Recently we spent a little time optimizing some servers. These are linux machines running apache serving static and dynamic content using php. Each apache process consumes 13mb of private resident memory under load and has a gigabit net connection. A sample bit of “large static content” is 2mb. Assume cl\ ients consuming that content need about 20s to get it down (100kb/s or so). That means we need to be spoon feeding about 2000 simultaneously connected clients in order to saturate the gigabit connection.
So turn up MaxClients, right? 13mb * 2000 (and a recompile, btw) about 26gb of RAM. uh. that’s not gonna work.
So there’s lots of ways to solve this problem, but before we start thinking about that, how would we simulate such a load so that we can validate the existence of this bottleneck now, and it’s resolution once we fix it?

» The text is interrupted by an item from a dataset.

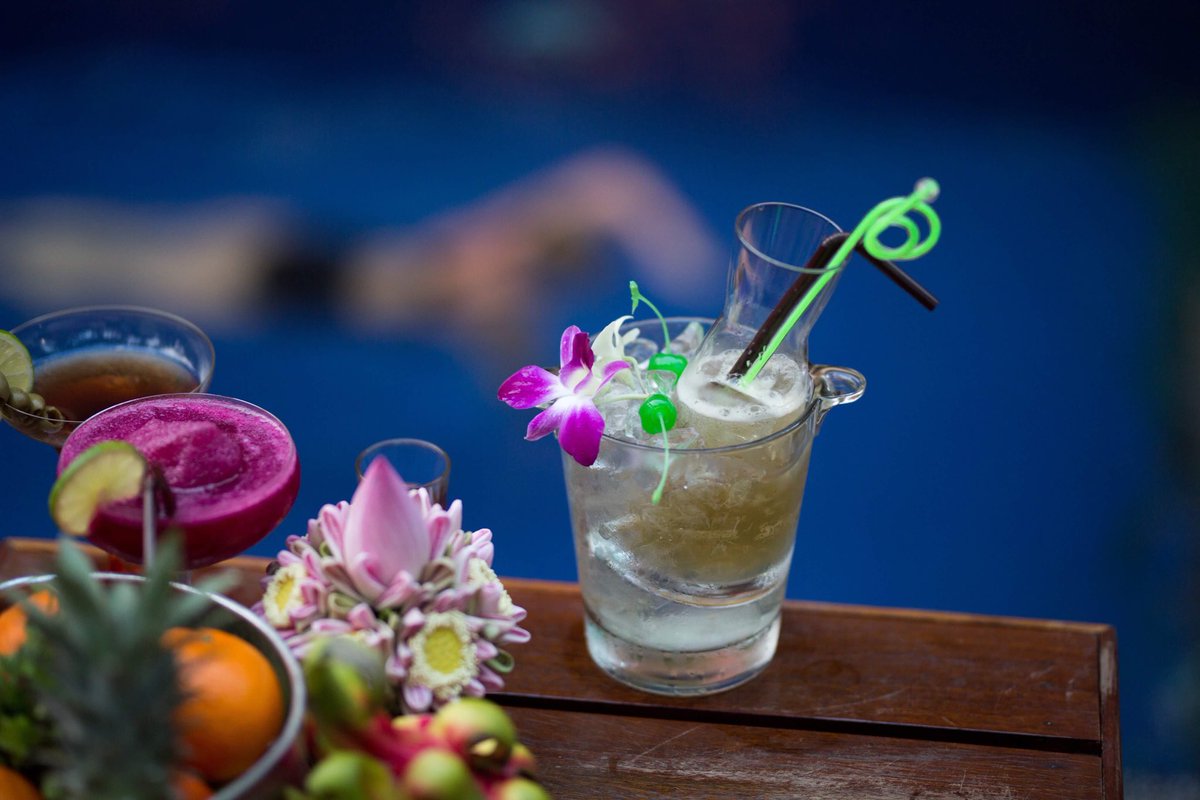 GoldenTempleRSD's tweet photo. Spend the day relaxing in the #RohattPool @GoldenTempleRSD that will guarantee to keep you cool with a #swimupbar. Come and order your favorite cocktails with our professional bartender! https://t.co/fjuHF4CqJX
#goldentemplegroup #goldentempleresidence #freshcocktail #cocktail https://t.co/6ONOoXWfbW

seige is a great little bit of software that can simulate load:
siege-2.69/src/siege -c 200 -f url.txt
this would hit all urls in url.txt with 200 simultaneous connections. But we want each connection to take about 20s (yeah, I have one url to static content in that file).
siege-2.69/src/siege -c 200 -d 20 -f url.txt
Looks better, right? but not. This -d causes a 20s delay (actually a random delay between 0 and 20) between requests. I actually want to throttle bandwidth… So how about a little hack
siege-2.69/src/siege -c 200 -w 20 -f url.txt
-w or –read-delay (that I’ve hacked in and is available in this patch moves the sleep to after the connection is established.
Sure it’s a hack, but let’s see how far it gets us…
till the next, lloyd